Şehir Bahçelerinin Biyo-Çeşitlilik İçin Önemi ve Jennifer Owen

İngiltere’nin en eski şehirlerinden biri olan Leicester’ın banliyölerinden Humberstone’daki evinin 741 m²lik bahçesinde, 20. Yüzyıl çevre hareketinin gizli kahramanlarından biri olarak nitelenen Jennifer Owen, 1972’den başlayarak tam 30 yılını tür zenginliği ve türlerin bileşimindeki değişimi incelemeye vakfeder.  Bu uzun erimli eşsiz çalışmada toplamda 2,673 tür kaydeder. Bunların 474’ü bitki, 1,997’si böcek, 138’i -örümcek ve tesbihböceğinin de içinde bulunduğu- diğer omurgasızlar ve son olarak, 54 kuş türüyle yedi memeliyi de içeren 64 tür omurgalılardır. Yeterli zaman ve uzmanlığı olsaydı, Owen’ın erişeceği toplam tür sayısının 8 bini geçeceği iddia ediliyor. Owen’ın kendi tahminleriyse, yıllar içinde yeterli zaman olabilseydi sadece böcek türleri listesinin 10 bini bulmuş olacağı yönünde. İlk 15 yılda kaydettiklerinin 15’i Britanya’da daha önce hiç kaydedilmemişti ve dört tanesi de bilim dünyası için bütünüyle yeniydi. Owen’ın son kayıtları 2001 yılına ait, çünkü kendisi bu uzun araştırmasının dördüncü yılından bu yana multipl skleroz (MS) hastası, 2018 yılı itibariyle 82 yaşında ve artık ancak tekerlekli sandalyede hareket edebiliyor.

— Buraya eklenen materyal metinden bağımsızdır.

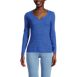 Women's Lightweight Waffle Long Sleeve Notch Neck T-Shirt, Front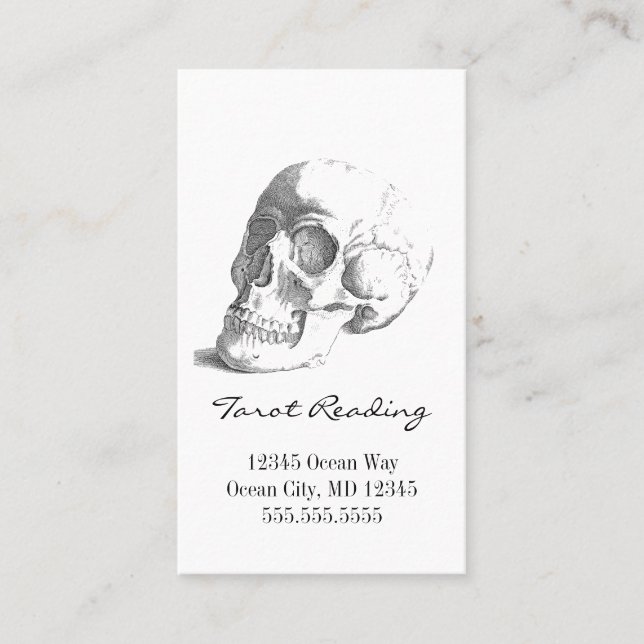 Skull Tarot Reading Business Card (Front)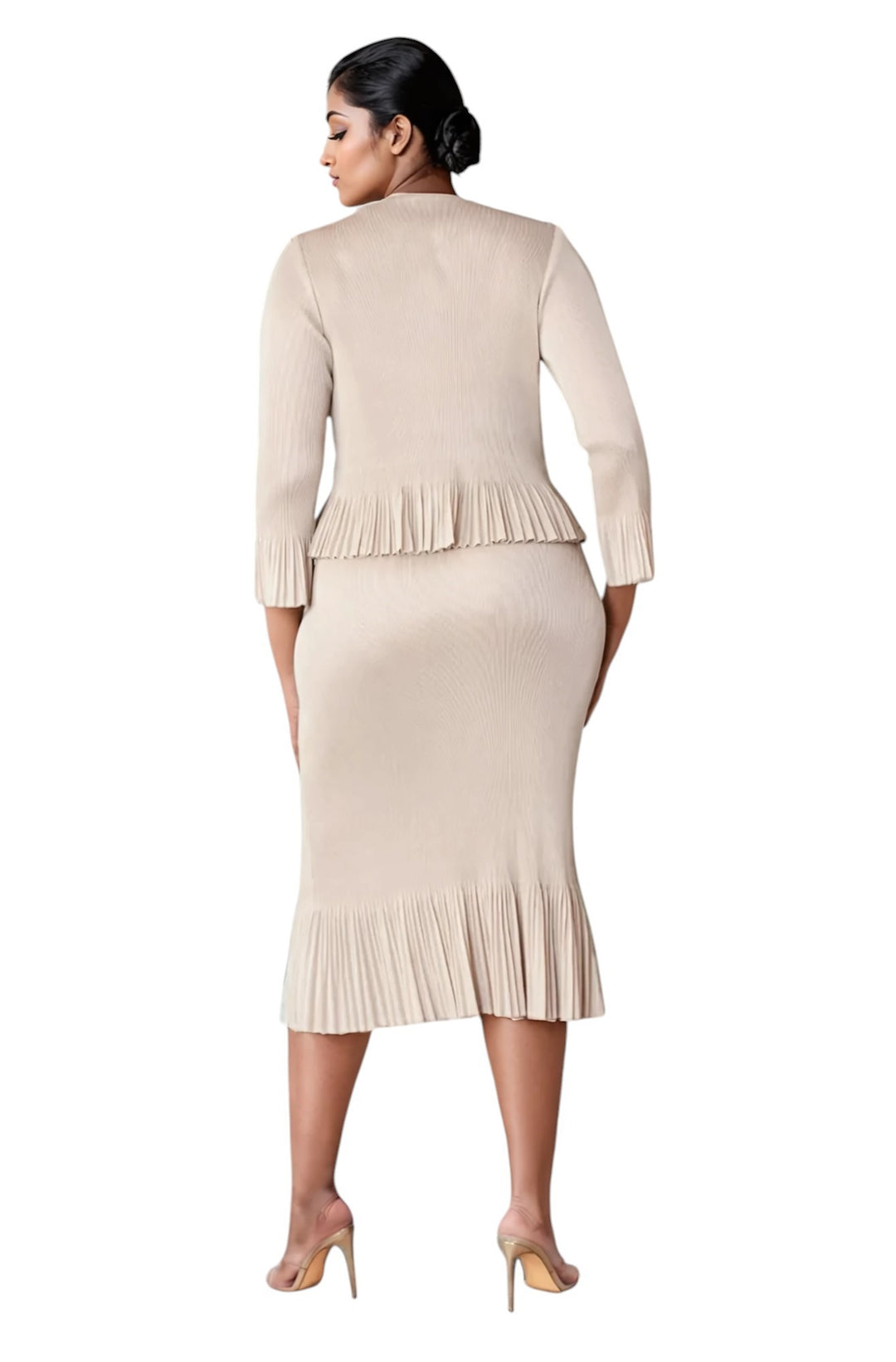 Elegant Ribbed Knit Skirt Set- 82777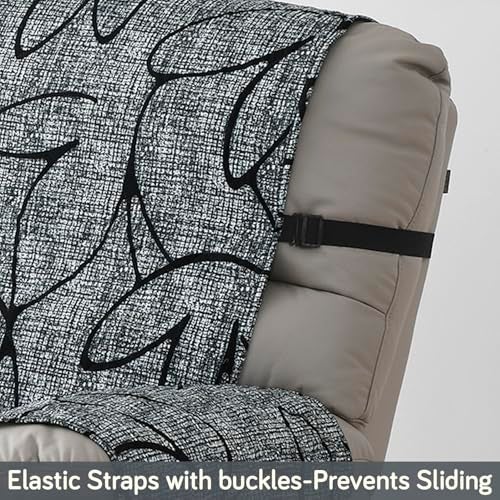 HOKIPO 'Elira Series' Printed Quilted Water Repellent + Waterproof Recliner Sofa Cover Mat, Small - Intense Grey Abstract Floral (AR-5282-C2) - Image 4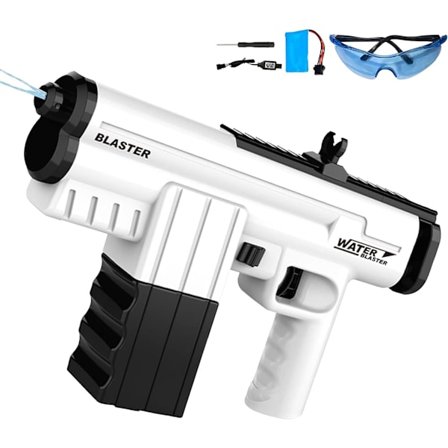 Elektrisk vandpistol legetøj, automatisk vandspray pistol, elektrisk vandpistol til sommer pool fest strand udendørs aktiviteter (hvid)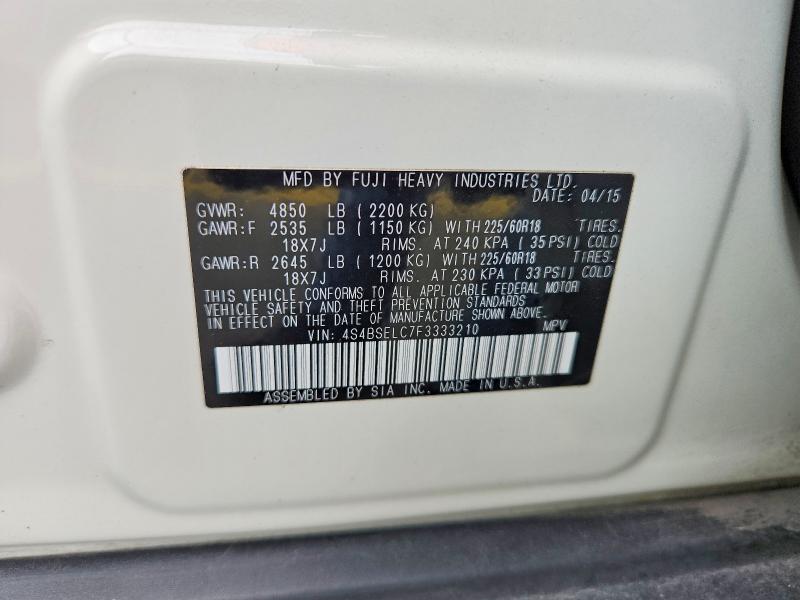 Aukcja sprzedaży 2015 Subaru Outback, vin: 4S4BSELC7F3333210, numer aukcji: 65578046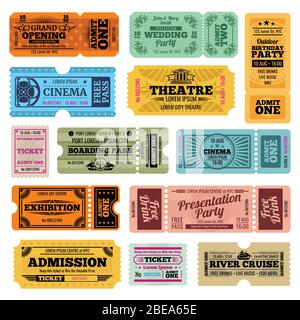 Modèles de billets d'entrée vintage Circus, Party et Cinema Vector. Collection de billets rétro pour le cinéma, le théâtre et l'illustration de la croisière fluviale Illustration de Vecteur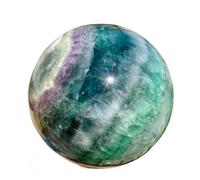 NWPNLXEA Colourful Fluorite Sphere Quartz Crystal Ball Magic Ornaments (Size : 350-400g)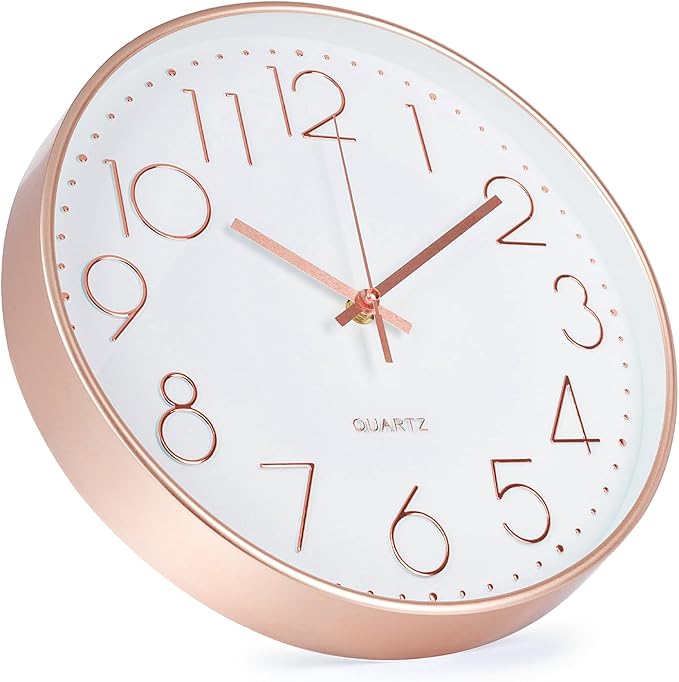 Wall Clock 10 Inch Non-Ticking Silent Modern Simple Style Round Decor Clock - Image 2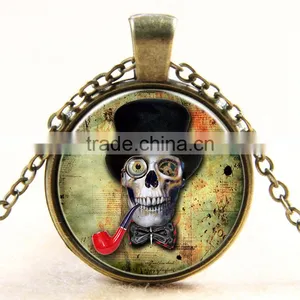 XP-TGN-S-115 Lady Vintage Meaningful Dome Pendant Diy Image Time Gemstone Charm Skull Cabochon Necklace With Popular Accessories thumbnail-2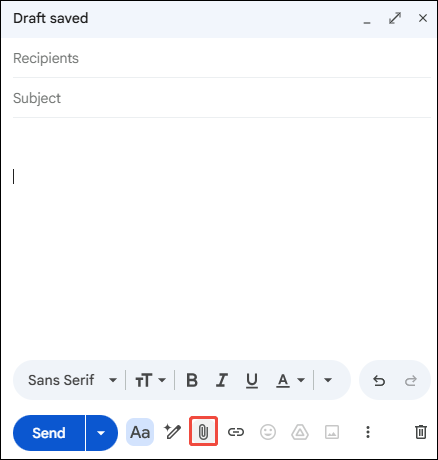 Gmail Draft saved interface with the Add files icon selected.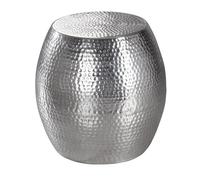 FineBuy Table d'appoint Métal Aluminium 42 x 42 x 42 cm Table Basse Salon Argent | Bout de canapé Oriental - Conception martelée - Table en Métal Rond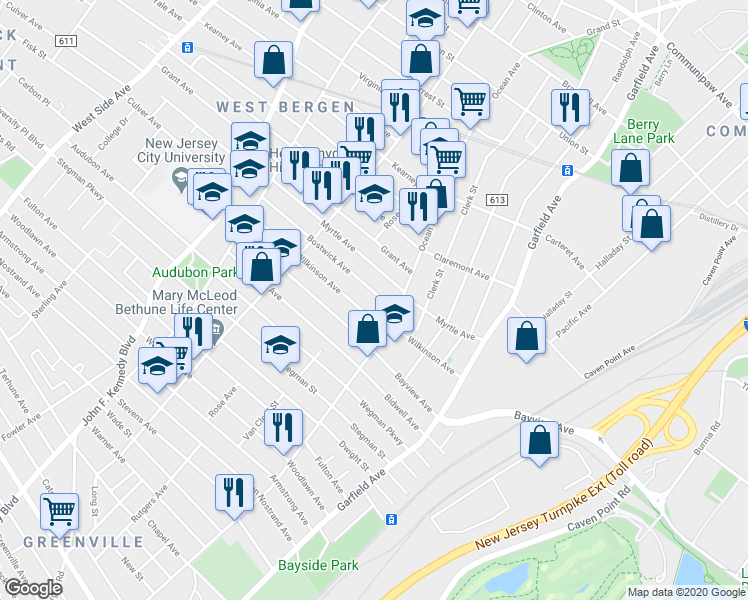 map of restaurants, bars, coffee shops, grocery stores, and more near 91 Myrtle Avenue in Jersey City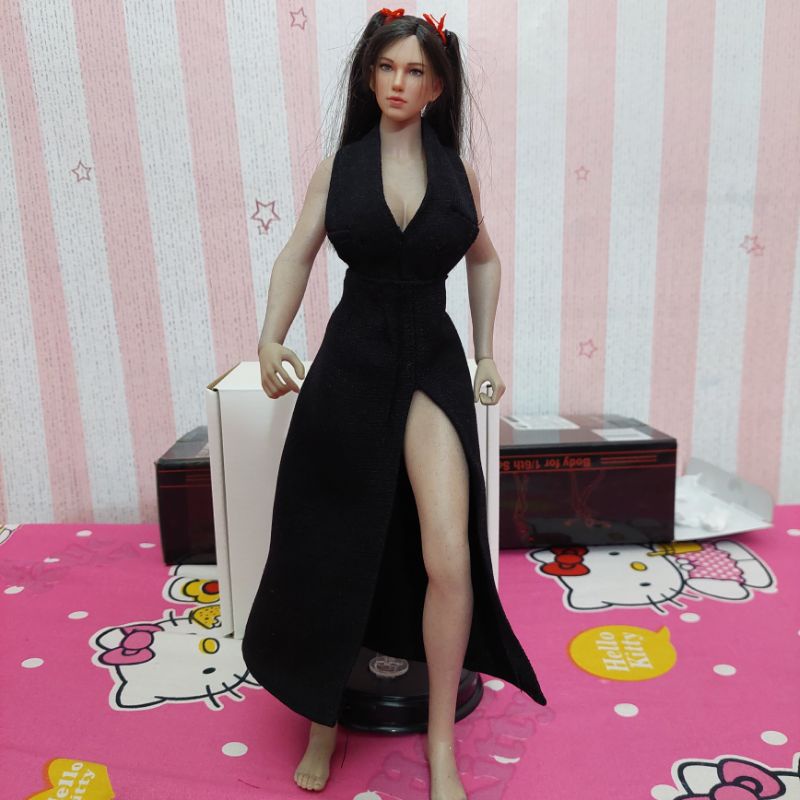 baju phicen tbleague hottoys barbie skala 1/6 - long dress black 1s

Hayatının tam 30 yılını adadığı bu sistematik gözlemlerin, gün gelip de iklim değişikliğinin ve banliyölerdeki habitat kaybının etkilerini gösteren önemli bir ulusal ve uluslararası veri tabanı haline geleceğini hiçbir zaman tahmin etmemiş olduğunu söylüyor. Oysa ki, spesifik uzmanlık alanını oluşturan süprüntü sineklerinin çeşit sayısı 1972-86 aralığında 43,749’dan 1987-2001 aralığında 16,987’ye düşmüş. Kelebek çeşidi 1973’te 172 adetken 2001’de sadece 19 adet kalmış. Aynı sürede güve çeşitliliği 622’den 132’ye inerken, 123 yaban arısından sadece yedisi kalmış. İyi bir yaz olduğunda rakamların yukarı çıktığını, ama hiçbir zaman 1970’lerdeki düzeyin yakalanamadığını söylüyor Jennifer Owen. (Brown, 2015; Owen, 1991 & 2010; Telfer, 2015)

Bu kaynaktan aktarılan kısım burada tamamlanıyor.